Active balancing transfers charge between cells using inductors or capacitors. Much faster, more efficient, more expensive, more complicated. For industrial lithium battery solutions where packs cycle hard daily, active balancing makes sense. For a pack that sits at 50% SOC most of the time with occasional use, passive is fine.
Communication
CAN bus for vehicles. Modbus for stationary. Both work. Pick whatever the rest of the system uses.

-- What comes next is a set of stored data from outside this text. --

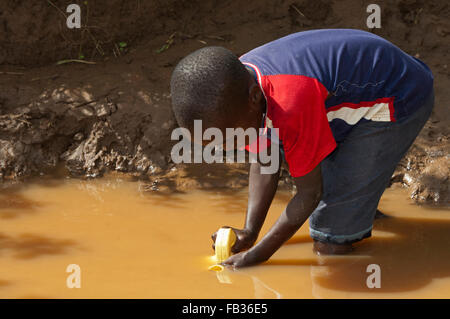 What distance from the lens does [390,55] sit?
104 inches

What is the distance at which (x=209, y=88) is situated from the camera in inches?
85.5

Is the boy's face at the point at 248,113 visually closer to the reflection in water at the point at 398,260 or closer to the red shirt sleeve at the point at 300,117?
the red shirt sleeve at the point at 300,117

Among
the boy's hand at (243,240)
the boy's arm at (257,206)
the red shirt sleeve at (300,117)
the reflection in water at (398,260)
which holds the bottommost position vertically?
the reflection in water at (398,260)

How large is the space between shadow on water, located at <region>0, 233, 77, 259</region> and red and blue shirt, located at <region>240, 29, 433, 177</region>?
142 centimetres

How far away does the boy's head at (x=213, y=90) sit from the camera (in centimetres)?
218

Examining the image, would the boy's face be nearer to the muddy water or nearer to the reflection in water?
the muddy water

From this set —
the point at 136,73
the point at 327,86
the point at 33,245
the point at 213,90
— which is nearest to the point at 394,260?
the point at 327,86

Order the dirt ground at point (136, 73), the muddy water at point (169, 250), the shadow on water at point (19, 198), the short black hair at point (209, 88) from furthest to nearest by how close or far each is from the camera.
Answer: the dirt ground at point (136, 73) → the shadow on water at point (19, 198) → the muddy water at point (169, 250) → the short black hair at point (209, 88)

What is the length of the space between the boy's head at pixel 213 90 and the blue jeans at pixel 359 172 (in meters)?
0.72

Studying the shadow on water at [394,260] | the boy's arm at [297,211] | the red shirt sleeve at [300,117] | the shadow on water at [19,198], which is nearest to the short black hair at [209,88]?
the red shirt sleeve at [300,117]

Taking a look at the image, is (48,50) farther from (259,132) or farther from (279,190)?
(259,132)

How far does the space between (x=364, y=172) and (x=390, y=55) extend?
56 centimetres

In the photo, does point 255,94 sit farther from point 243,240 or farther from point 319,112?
point 243,240

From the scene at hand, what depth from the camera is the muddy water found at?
2.71 m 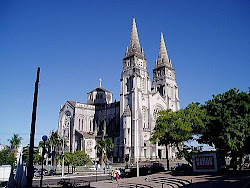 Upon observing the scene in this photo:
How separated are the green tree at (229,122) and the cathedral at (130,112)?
2394 cm

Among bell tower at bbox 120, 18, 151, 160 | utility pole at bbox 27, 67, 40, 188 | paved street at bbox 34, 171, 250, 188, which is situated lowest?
paved street at bbox 34, 171, 250, 188

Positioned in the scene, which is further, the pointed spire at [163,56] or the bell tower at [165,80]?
the pointed spire at [163,56]

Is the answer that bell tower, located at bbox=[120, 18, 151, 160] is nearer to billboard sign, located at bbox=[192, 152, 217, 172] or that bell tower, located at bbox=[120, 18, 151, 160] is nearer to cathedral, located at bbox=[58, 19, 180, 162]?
cathedral, located at bbox=[58, 19, 180, 162]

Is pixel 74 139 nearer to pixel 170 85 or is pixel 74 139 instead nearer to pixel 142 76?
pixel 142 76

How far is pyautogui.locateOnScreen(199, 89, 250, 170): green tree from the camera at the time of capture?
24.5m

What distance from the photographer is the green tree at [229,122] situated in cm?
2450

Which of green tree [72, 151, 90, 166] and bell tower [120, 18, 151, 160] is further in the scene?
bell tower [120, 18, 151, 160]

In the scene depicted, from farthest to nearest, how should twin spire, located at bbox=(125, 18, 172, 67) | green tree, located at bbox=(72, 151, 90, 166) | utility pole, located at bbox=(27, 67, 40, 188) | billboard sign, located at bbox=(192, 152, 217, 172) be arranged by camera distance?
twin spire, located at bbox=(125, 18, 172, 67)
green tree, located at bbox=(72, 151, 90, 166)
billboard sign, located at bbox=(192, 152, 217, 172)
utility pole, located at bbox=(27, 67, 40, 188)

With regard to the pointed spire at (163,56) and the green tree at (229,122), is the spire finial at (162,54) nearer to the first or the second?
the pointed spire at (163,56)

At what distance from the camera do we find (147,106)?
5941cm

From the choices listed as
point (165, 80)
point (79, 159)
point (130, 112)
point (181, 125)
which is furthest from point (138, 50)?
point (181, 125)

Cloud connectivity sounds good on paper. In practice half the sites have garbage cellular signal and the installer didn't budget for an external antenna. Local data logging with periodic upload works better for most commercial lithium battery provider deployments than assuming constant connectivity.
Standards
ISO 6469 and UN ECE R100 for automotive. UL 9540 for stationary storage. OSHA and local fire codes for industrial charging areas. A lithium battery OEM partner should know which ones apply to your target market. The isolation monitoring requirements in the automotive standards trip people up more than anything else in volume production.
Real-time monitoring isn't optional. The question is how much accuracy and sophistication you need, and that depends on the cells, the application, and the consequences of getting it wrong.